[Scraped caption text data]

++++

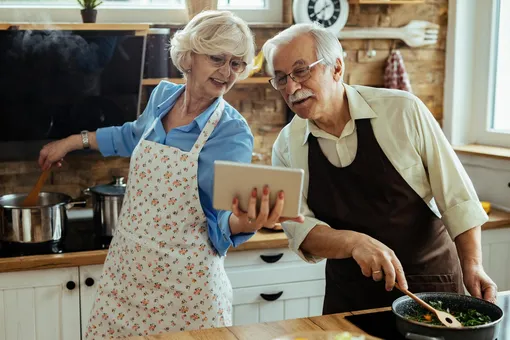 Заядлый кулинар, профессиональный дедушка и волонтёр: как ведут себя знаки Зодиака на пенсии?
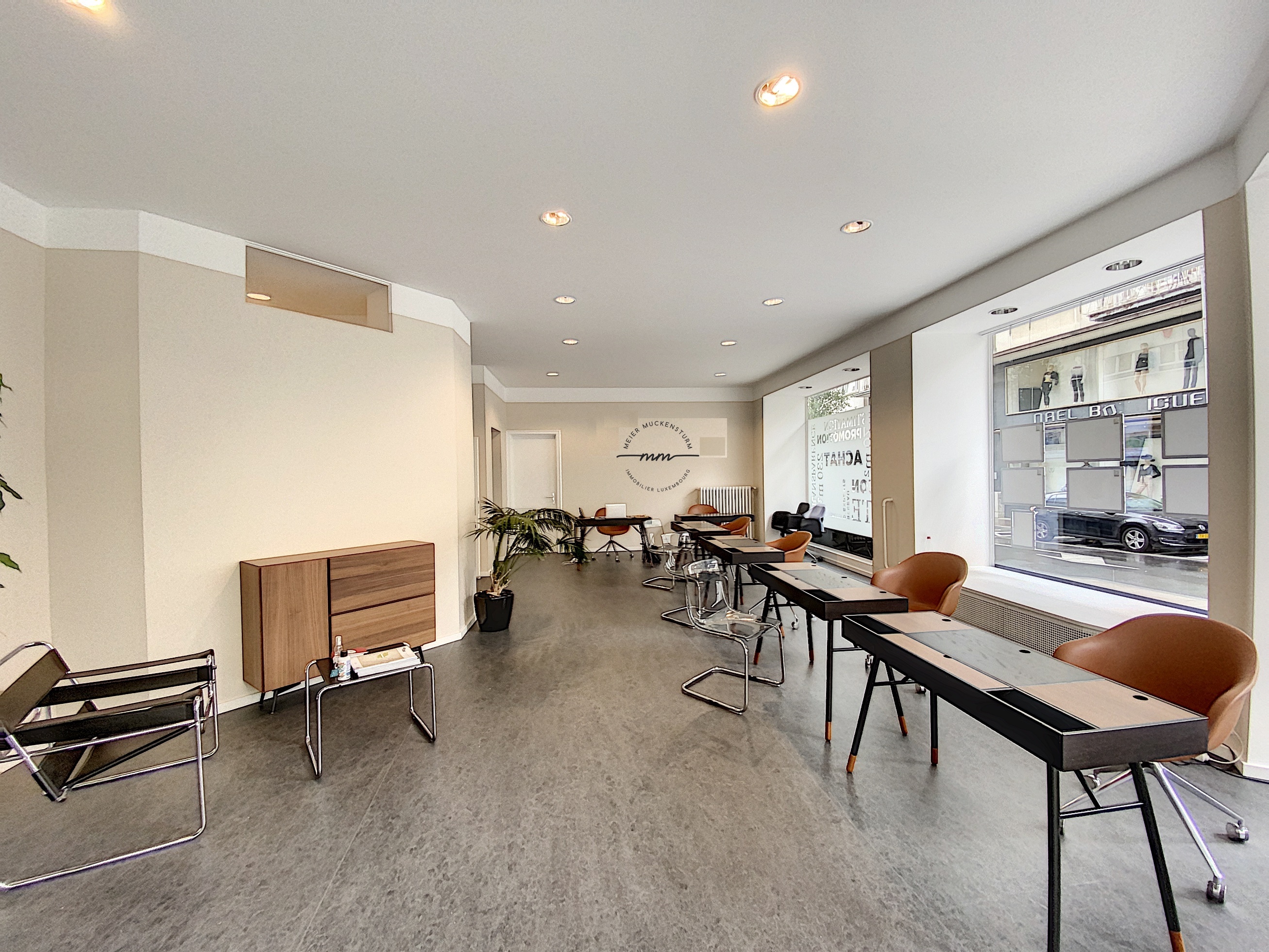 Modernes Interieur präsentiert von Agence Meier Muckensturm
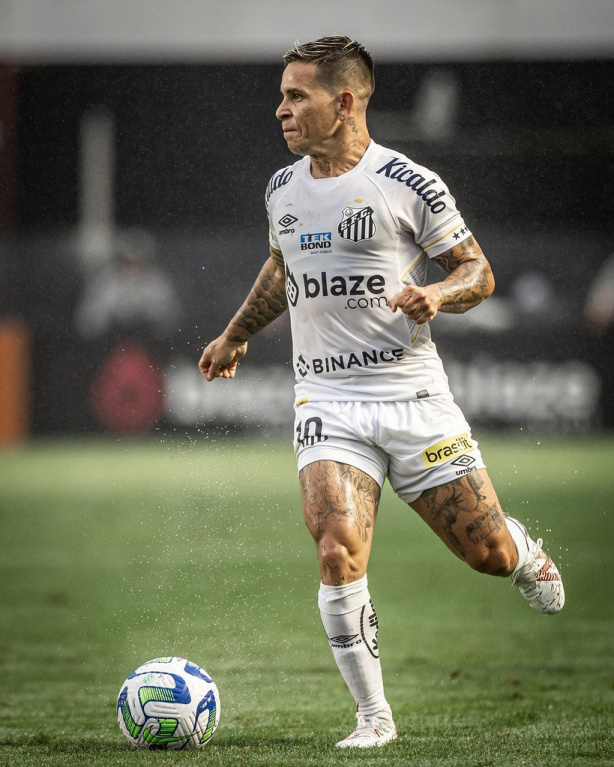 Soteldo vai defender o Gr�mio em 2024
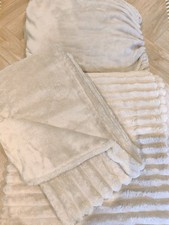 QVC Cozee Home Velvetsoft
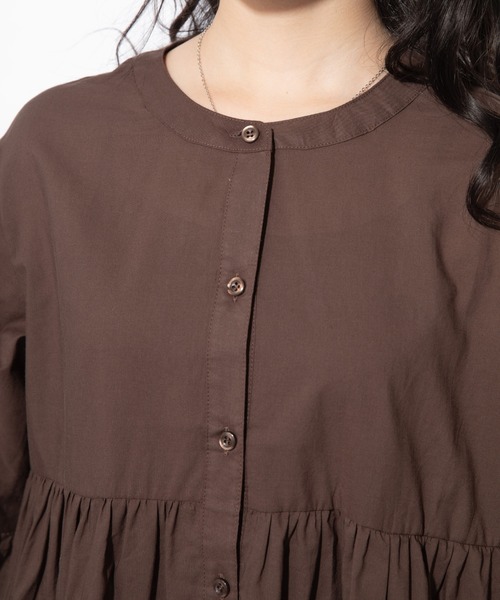 Mysa&Liina(ミーサリーナ)の「バンドカラーティアードブラウス(シャツ/ブラウス・レディース・ブラウン/ベージュ/カーキ/オフホワイト/ピンクベージュ・M)」の13枚目の写真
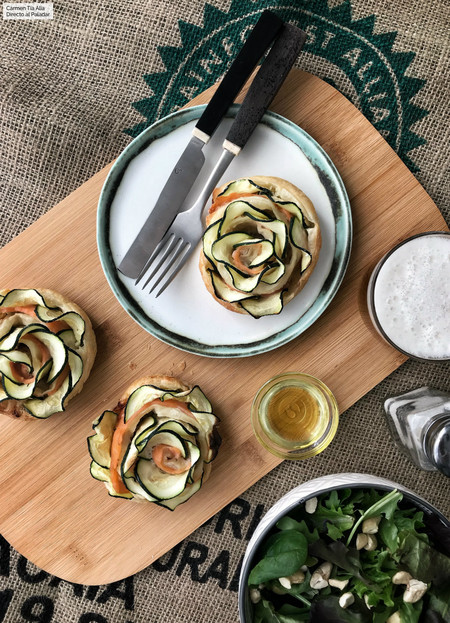 Flores de hojaldre, salmón y calabacín: receta fácil, rápida y lucida con vídeo incluido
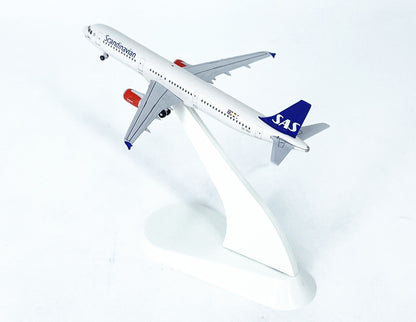 1:500 StarJets SAS Scandinavian AIRBUS A321 Airplane Diecast Aircraft Model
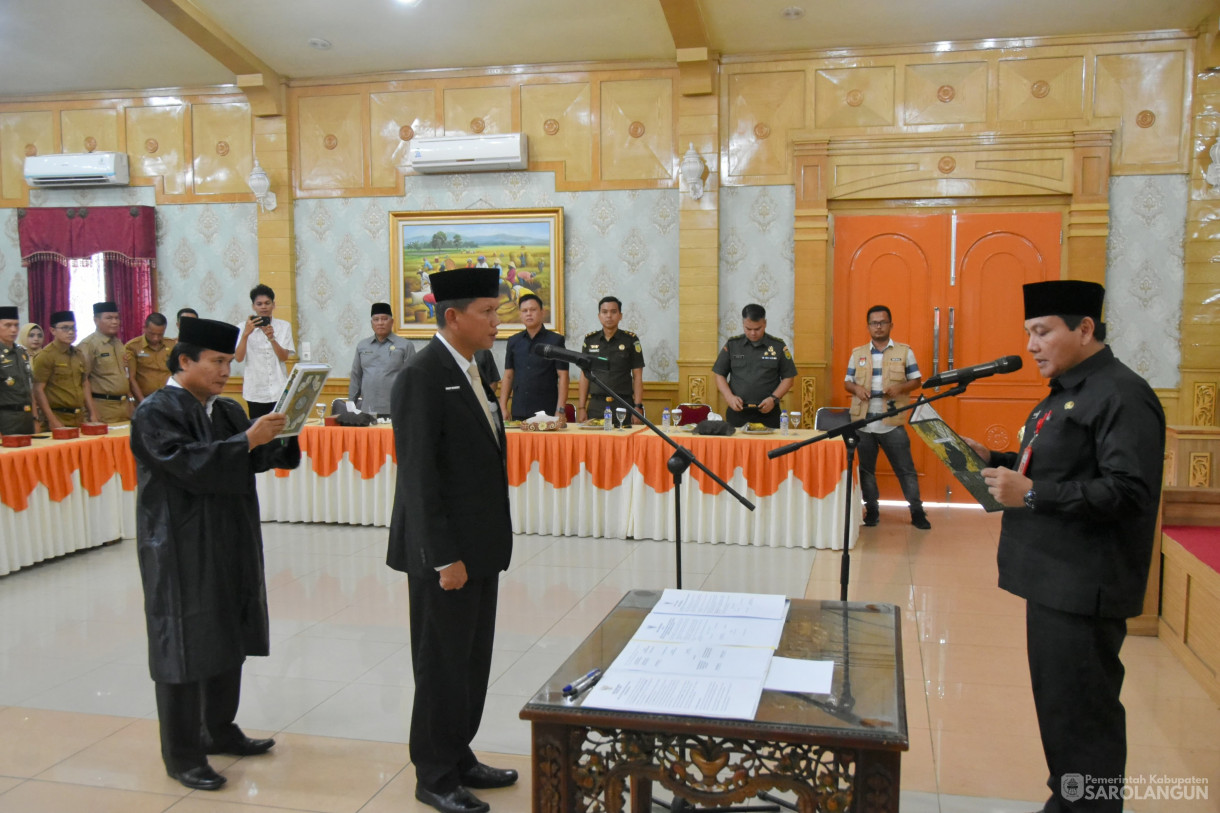 12 Desember 2023 - Pelantikan Dan Pengambilan Sumpah Janji Jabatan Penjabat Sekretaris Daerah Kabupaten Sarolangun Di Ruang Aula Utama Kantor Bupati Sarolangun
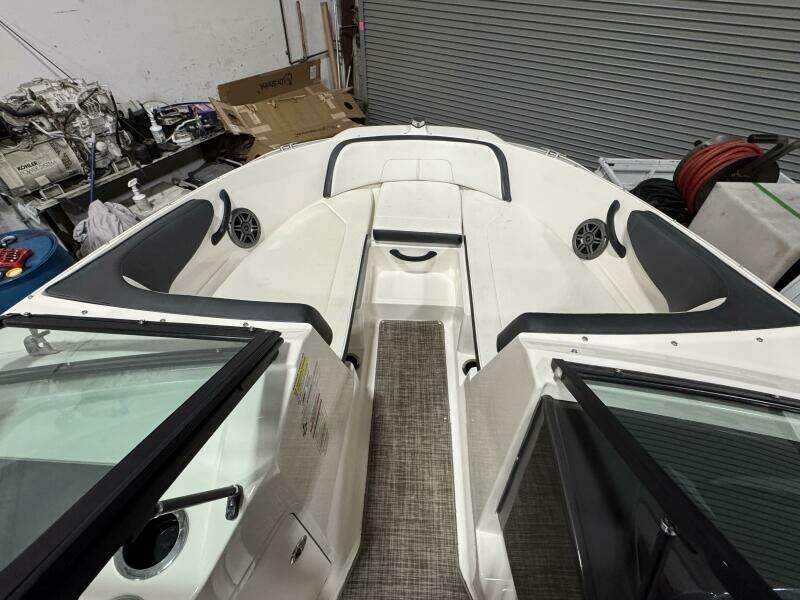 2016 Sea Ray 210SPX-OB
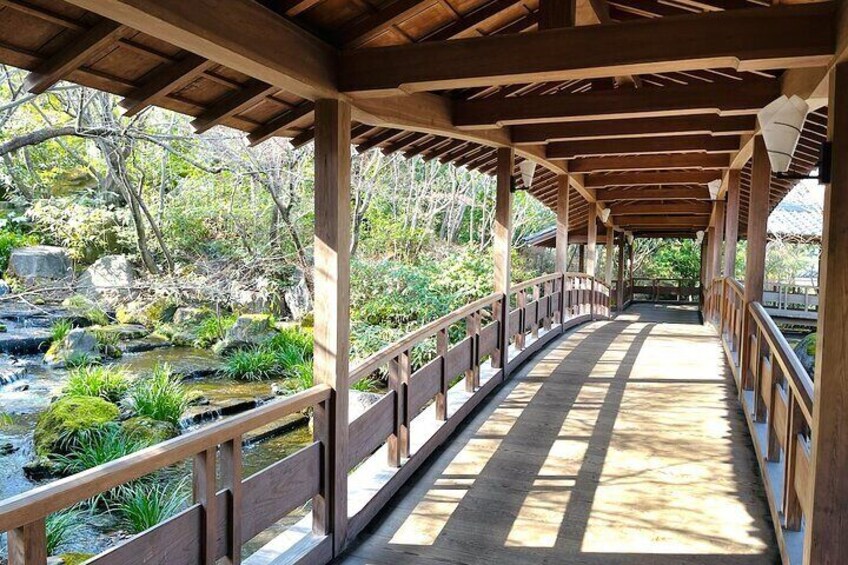 Walking Tour in Himeji Castle Garden and Aizome Indigo Dyeing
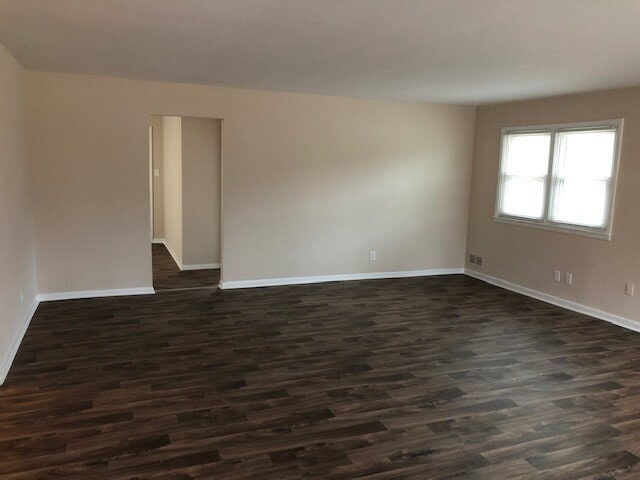 Building Photo - 3120 W 49th St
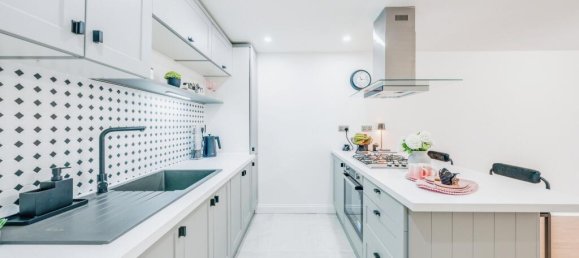 2 bedrooms Apartment in London, United Kingdom No. 10652 10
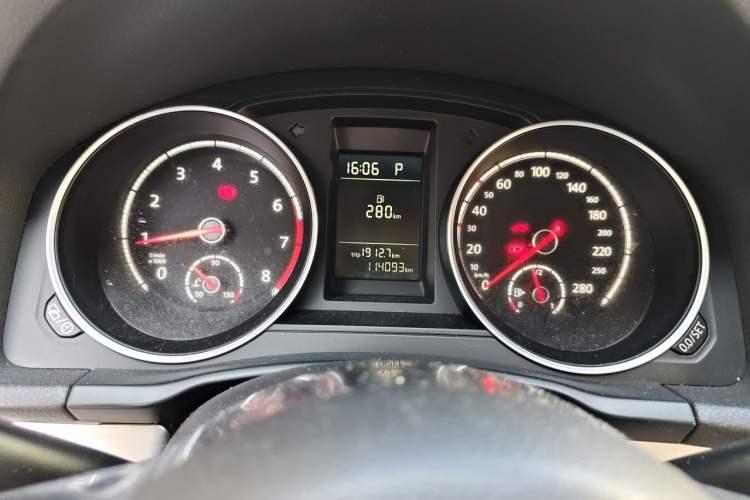 Used Volkswagen Scirocco 2015 1.4TSI Fashion Edition Instrument Cluster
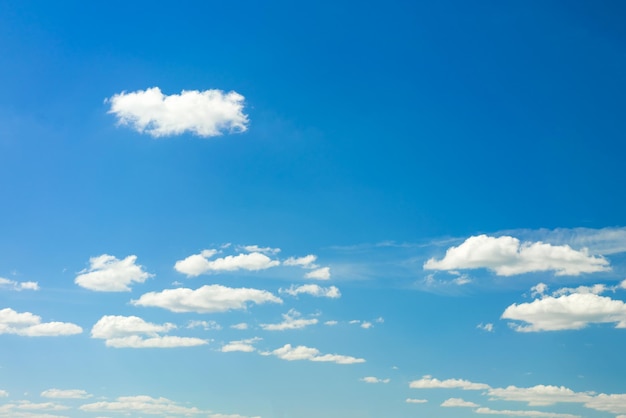 Lindo céu azul com nuvens brancas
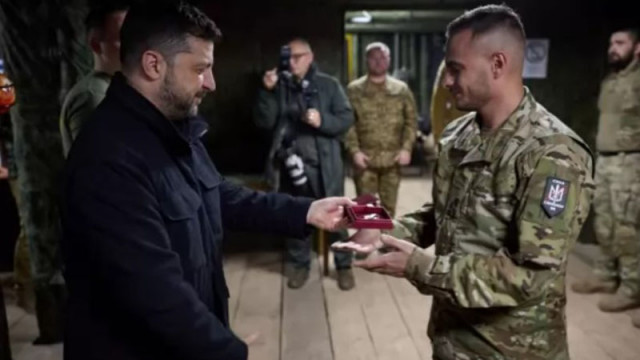 Зеленски се срещна с националистите от "Азов" на фронта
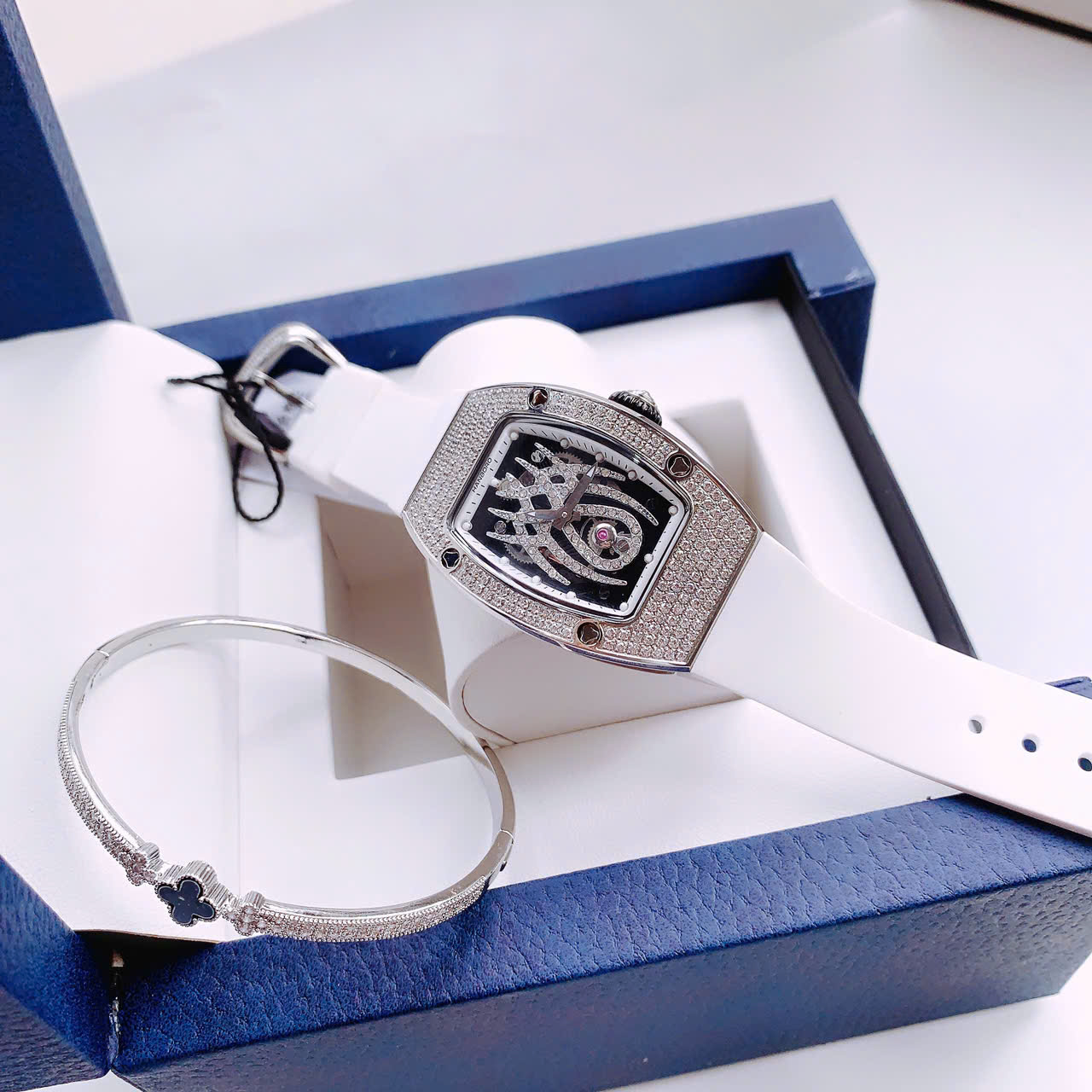 Đồng Hồ Hanboro by Huboler Nhện Hồng Silver – Siêu Phẩm Đẳng Cấp Với Thiết Kế Độc Bản
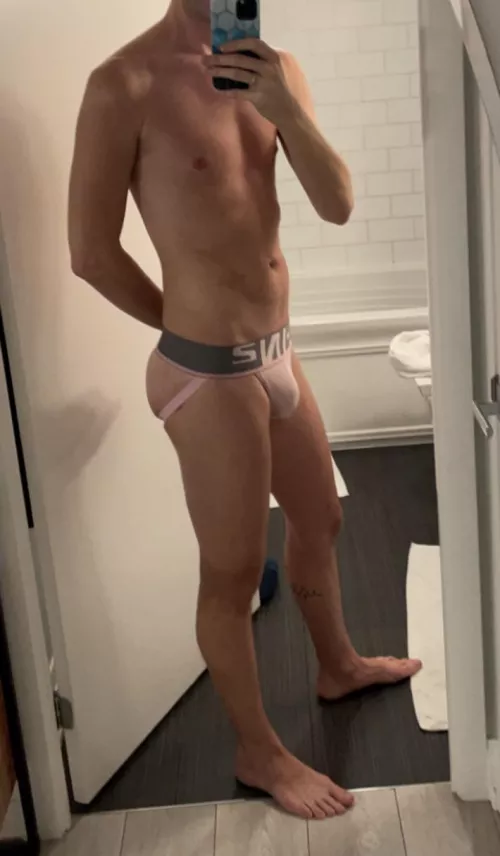 Bubble gum pink booty and bulge 😘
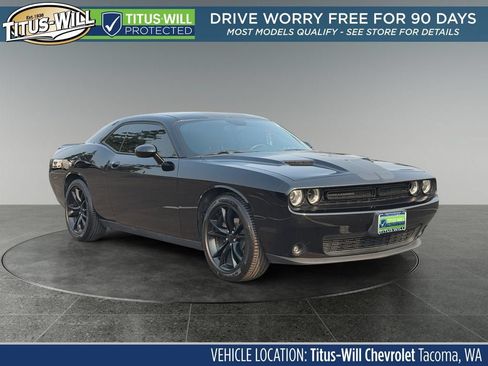 Used 2016 Dodge Challenger SXT w/ Blacktop Package RWD image 1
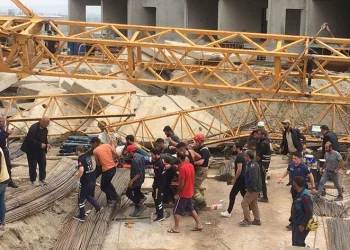 İnşaat şantiyesinde vinç devrilmesiyle 1 kişi yaralandı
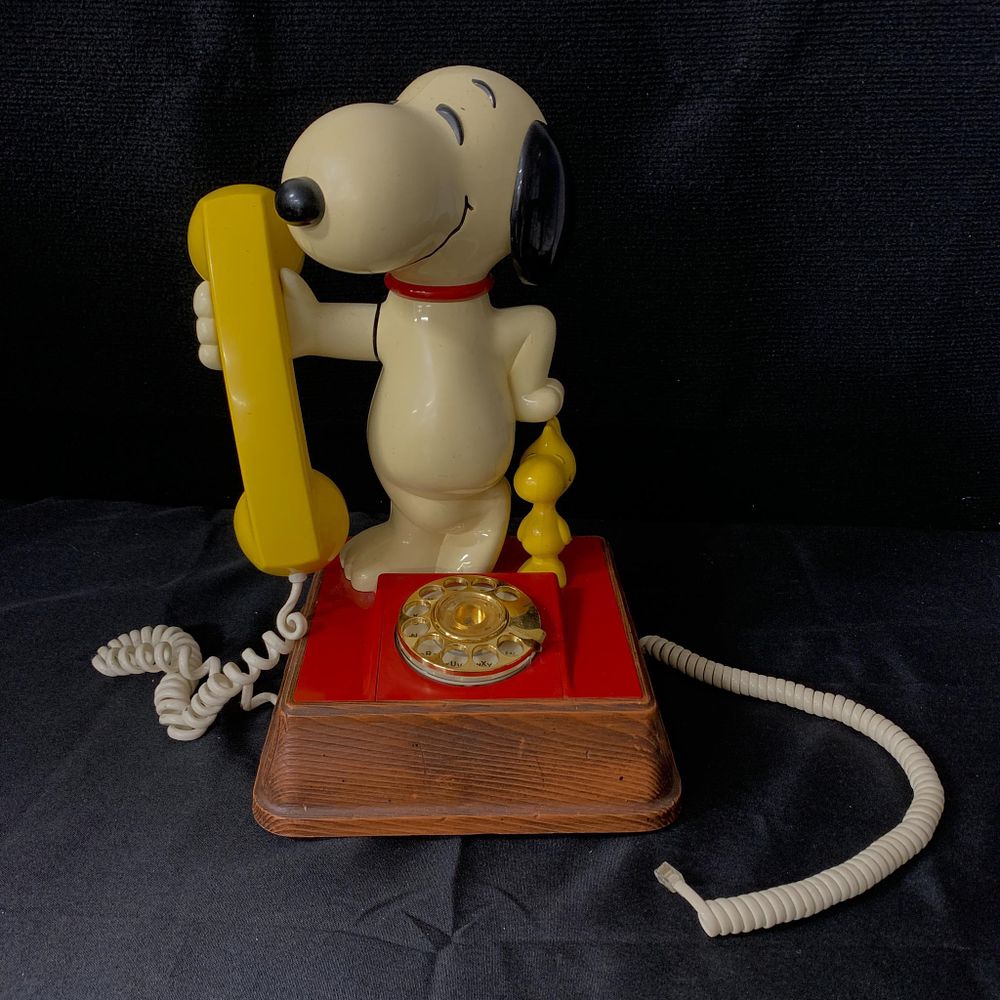 Lot 418: Vintage Snoopy Phone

++++

### [EXERCISE BRIEF]
With the pictures left out, copy exactly the lines from the one containing "1:500 StarJets SAS" through the last line of the data.

### [RESPONSE]
 1:500 StarJets SAS Scandinavian AIRBUS A321 Airplane Diecast Aircraft Model
 12 Desember 2023 - Pelantikan Dan Pengambilan Sumpah Janji Jabatan Penjabat Sekretaris Daerah Kabupaten Sarolangun Di Ruang Aula Utama Kantor Bupati Sarolangun
 2016 Sea Ray 210SPX-OB
 Walking Tour in Himeji Castle Garden and Aizome Indigo Dyeing
 Building Photo - 3120 W 49th St
 2 bedrooms Apartment in London, United Kingdom No. 10652 10
 Used Volkswagen Scirocco 2015 1.4TSI Fashion Edition Instrument Cluster
 Lindo céu azul com nuvens brancas
 Зеленски се срещна с националистите от "Азов" на фронта
 Đồng Hồ Hanboro by Huboler Nhện Hồng Silver – Siêu Phẩm Đẳng Cấp Với Thiết Kế Độc Bản
 Bubble gum pink booty and bulge 😘
 Used 2016 Dodge Challenger SXT w/ Blacktop Package RWD image 1
 İnşaat şantiyesinde vinç devrilmesiyle 1 kişi yaralandı
 Lot 418: Vintage Snoopy Phone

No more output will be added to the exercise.